INFORMATION PROVIDED>

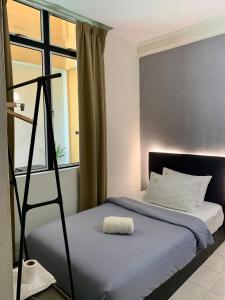 哥打巴鲁Andiana Hotel & Lodge - Kota Bharu City Centre的卧室配有床,靠窗是梯子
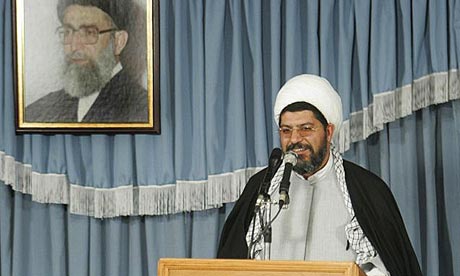 Ali Shirazi, an aide to Supreme Leader Ayatollah Ali Khamenei,  speaks under a picture of the supreme leader in Tehran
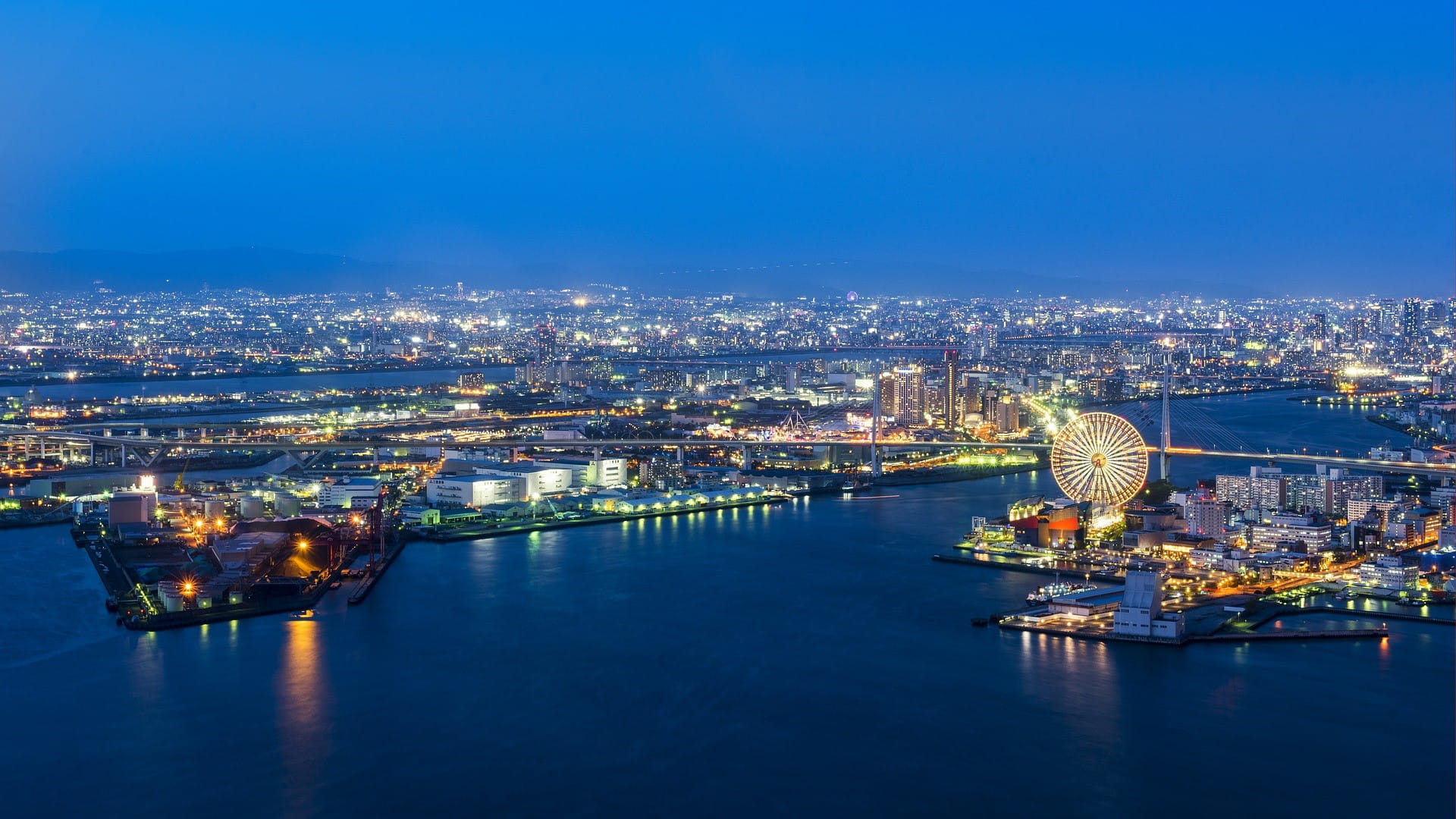 Osaka di malam hari: di latar depan adalah pelabuhan, di belakangnya adalah kota.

PROBLEM TO SOLVE>
With images left out, the data must be transcribed exactly.

SOLVED EXERCISE>
 哥打巴鲁Andiana Hotel & Lodge - Kota Bharu City Centre的卧室配有床,靠窗是梯子
 Ali Shirazi, an aide to Supreme Leader Ayatollah Ali Khamenei,  speaks under a picture of the supreme leader in Tehran
 Osaka di malam hari: di latar depan adalah pelabuhan, di belakangnya adalah kota.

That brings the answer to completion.